打破用于机器学习辅助植物研究的人工标注训练数据的壁垒——利用航空图像

Breaking the barrier of human-annotated training data for machine learning-aided plant research using aerial imagery.

作者信息

Varela Sebastian, Zheng Xuying, Njuguna Joyce, Sacks Erik, Allen Dylan, Ruhter Jeremy, Leakey Andrew D B

机构信息

Center for Advanced Bioenergy and Bioproducts Innovation, University of Illinois at Urbana Champaign, Urbana, IL 61801, USA.

Independent Researcher, Canelones 15800, Uruguay.

出版信息

Plant Physiol. 2025 Mar 28;197(4). doi: 10.1093/plphys/kiaf132.

DOI:10.1093/plphys/kiaf132

PMID:40265604

原文链接:https://pmc.ncbi.nlm.nih.gov/articles/PMC12015685/

Abstract

Machine learning (ML) can accelerate biological research.

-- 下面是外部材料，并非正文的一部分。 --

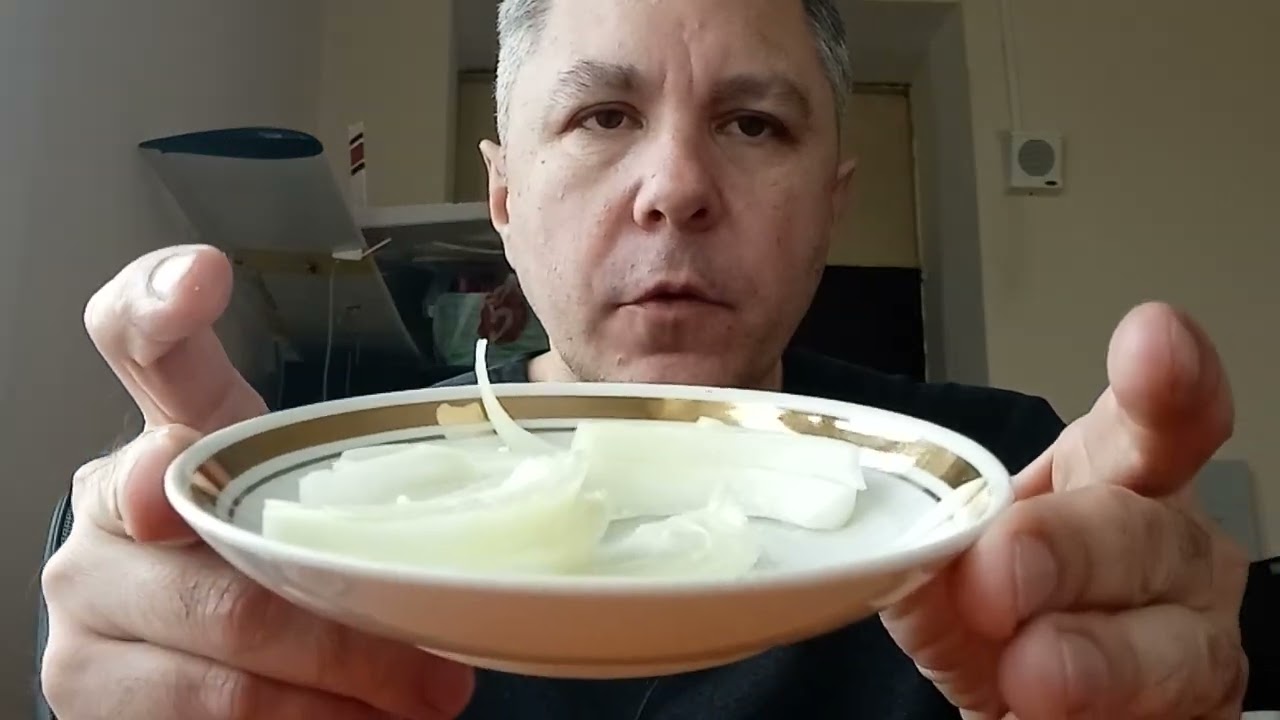 ASMR. БОЛТАЛКА, ПЬЮ ВОДКУ И ЗАКУСЫВАЮ МАРИНОВАННЫМ ЛУКОМ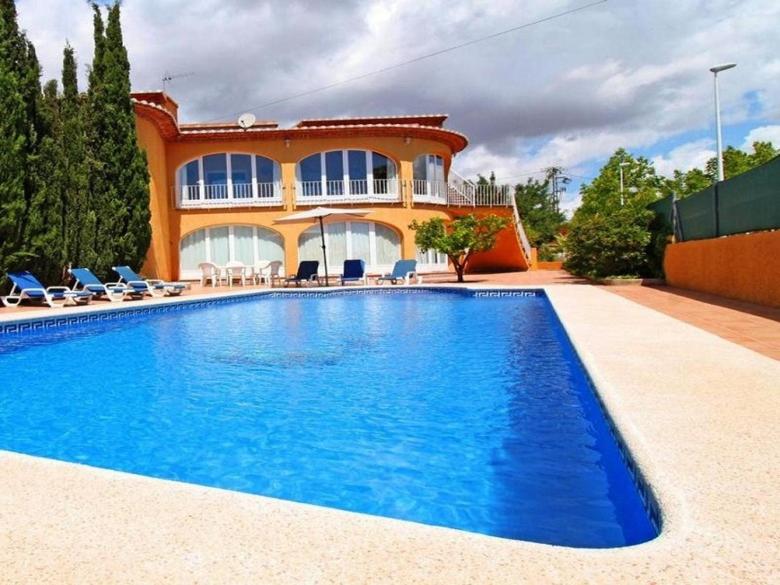 una piscina frente a una casa en confortable villa at only 100 meter from the beach, supermarkets and the restaurants, en Calpe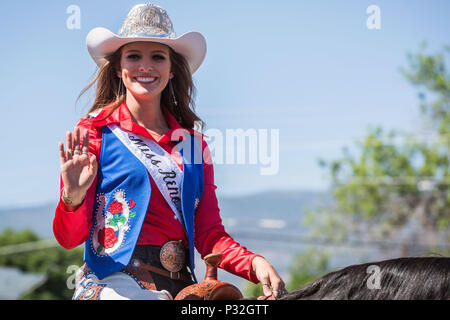 Reno, Nevada, USA. 16 Juin, 2018. Samedi, 16 juin, 2018.Mme Reno Rodeo 2018, JENNIFER FISK, vagues aux spectateurs au cours de la Reno Rodeo Parade il se déplace le long de South Virginia Street, dans le centre-ville de Reno, Nevada. Le Reno Rodeo est un professionnel Rodeo Cowboys Association (PRCA) événement sportif sanctionné, et l'un des cinq meilleurs rodéos en Amérique du Nord. Reno Rodeo est une organisation sans but lucratif composée de plus de 1 000 bénévoles. Cette année, le rodéo, le 99e rapport annuel, se déroule du 14 au 23 juin 2018. Credit : Tracy Barbutes/ZUMA/Alamy Fil Live News Banque D'Images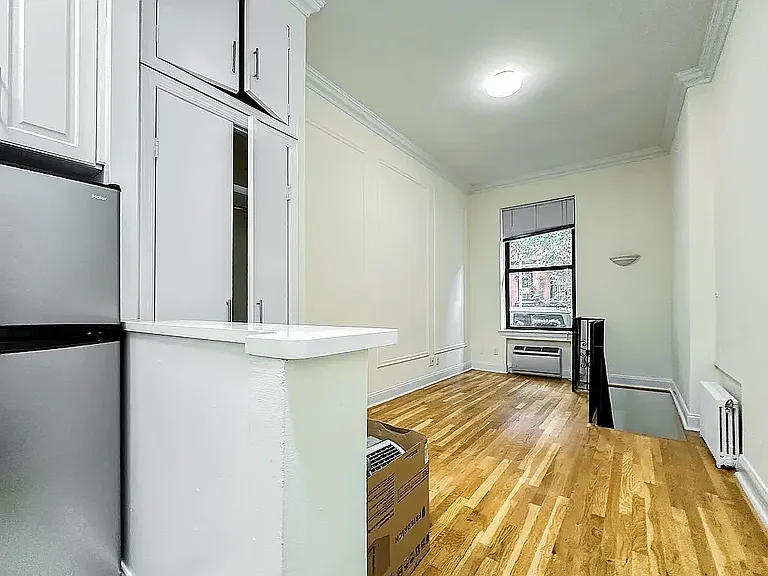 210 E 83rd St #1D — Photo 1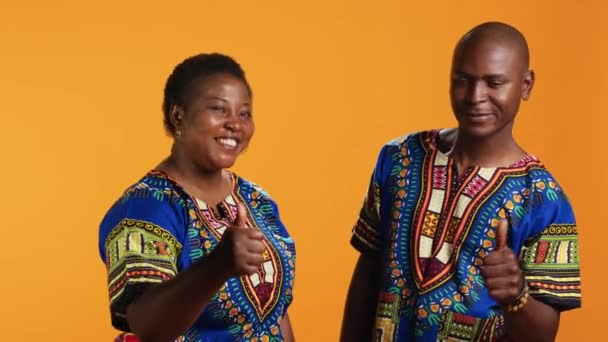 Suami Dan Istri Yang Ceria Melakukan Tanda Jempol Studio Menyajikan — Stok Video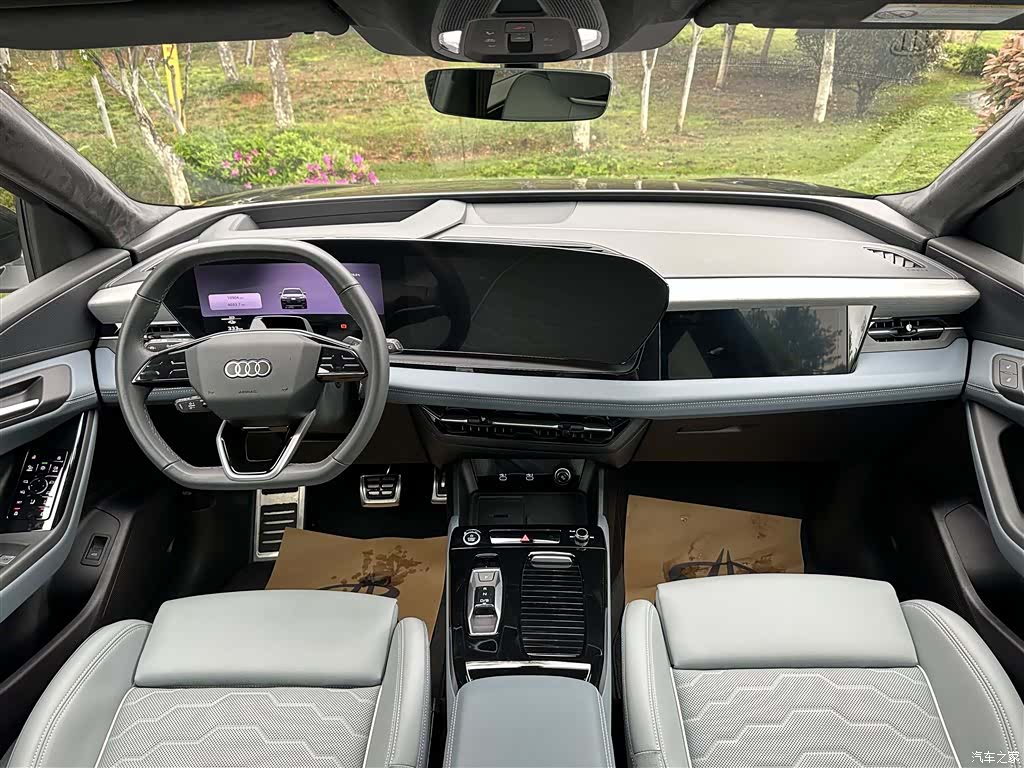 Audi e-tron, 2025 все фото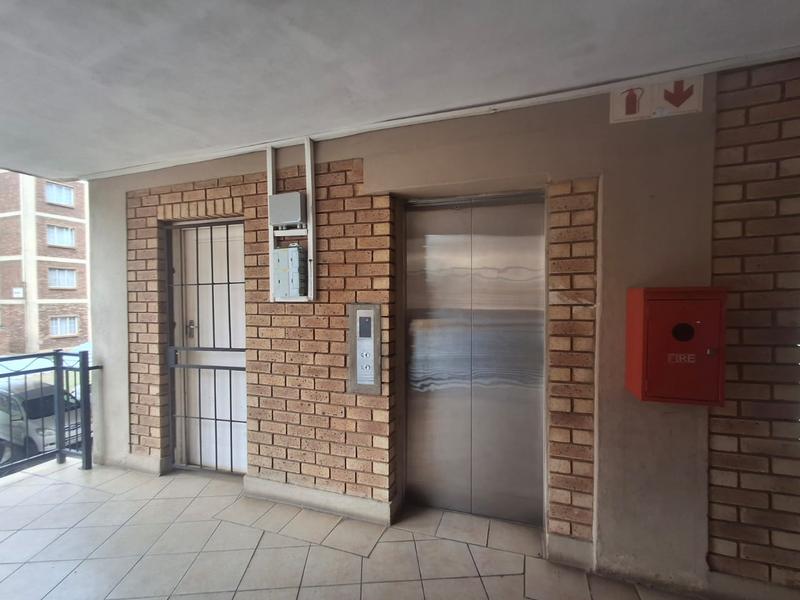 2 Bedroom Property for Sale in The Orchards Gauteng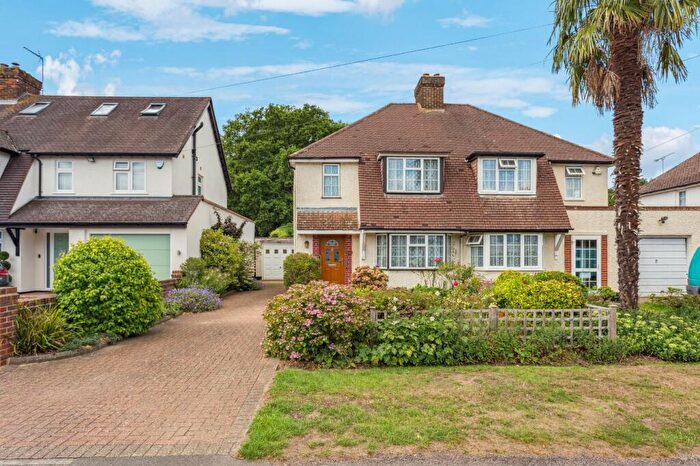 3 Bedroom Semi-Detached House For Sale In The Parkway, Iver Heath, SL0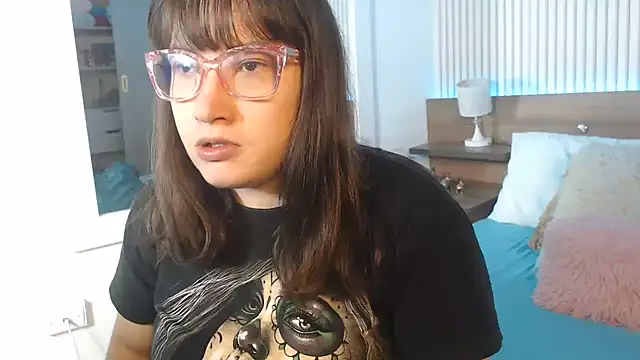 Snapshot of ValentinaGreyy chatting on June 6, 2026, 10:04 pm ValentinaGreyy online show from June 6, 2026, 10:04 pm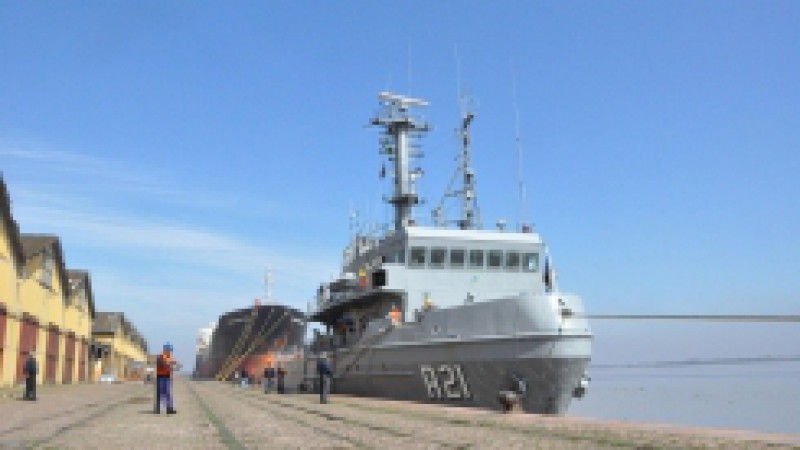 Nos próximos dias, o rebocador de alto-mar Tritão, da Marinha do Brasil, permanecerá atracada no Cais Mauá, em Porto Alegre, e estará aberto à visitação no final de semana, dias 10 e 11, das 14h às 18h. A embarcação sob comando do 5º Distrito Naval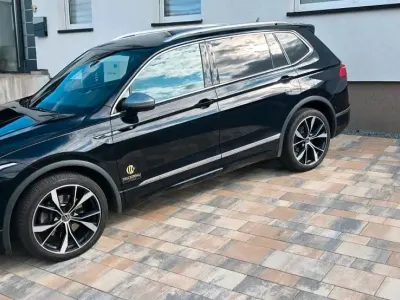 Gebraucht VW Tiguan Allspace R-line 200 PS (147 kW) 2022 Schwarz SUV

However, the adoption of such tools to facilitate phenotyping based on sensor data has been limited by (i) the need for a large amount of human-annotated training data for each context in which the tool is used and (ii) phenotypes varying across contexts defined in terms of genetics and environment. This is a major bottleneck because acquiring training data is generally costly and time-consuming. This study demonstrates how a ML approach can address these challenges by minimizing the amount of human supervision needed for tool building. A case study was performed to compare ML approaches that examine images collected by an uncrewed aerial vehicle to determine the presence/absence of panicles (i.e. "heading") across thousands of field plots containing genetically diverse breeding populations of 2 Miscanthus species. Automated analysis of aerial imagery enabled the identification of heading approximately 9 times faster than in-field visual inspection by humans. Leveraging an Efficiently Supervised Generative Adversarial Network (ESGAN) learning strategy reduced the requirement for human-annotated data by 1 to 2 orders of magnitude compared to traditional, fully supervised learning approaches. The ESGAN model learned the salient features of the data set by using thousands of unlabeled images to inform the discriminative ability of a classifier so that it required minimal human-labeled training data. This method can accelerate the phenotyping of heading date as a measure of flowering time in Miscanthus across diverse contexts (e.g. in multistate trials) and opens avenues to promote the broad adoption of ML tools.

摘要

机器学习（ML）可以加速生物学研究。然而，基于传感器数据采用此类工具来促进表型分析受到了以下因素的限制：（i）在工具使用的每个背景下都需要大量人工标注的训练数据；（ii）表型会因遗传学和环境所定义的背景不同而有所变化。这是一个主要瓶颈，因为获取训练数据通常既昂贵又耗时。本研究展示了一种机器学习方法如何通过尽量减少工具构建所需的人工监督量来应对这些挑战。进行了一项案例研究，比较了多种机器学习方法，这些方法通过检查无人驾驶飞行器收集的图像，来确定数千个包含两种芒属植物遗传多样的育种群体的田间地块中是否存在圆锥花序（即“抽穗”）。航空图像的自动分析能够比人工实地目视检查快约9倍地识别抽穗情况。与传统的完全监督学习方法相比，利用高效监督生成对抗网络（ESGAN）学习策略将人工标注数据的需求减少了1至2个数量级。ESGAN模型通过使用数千张未标记图像来告知分类器的判别能力，从而学习数据集的显著特征，因此它只需要极少的人工标记训练数据。这种方法可以加速将抽穗日期作为芒属植物开花时间衡量指标的表型分析，适用于各种背景（例如在多州试验中），并为推动机器学习工具的广泛应用开辟了道路。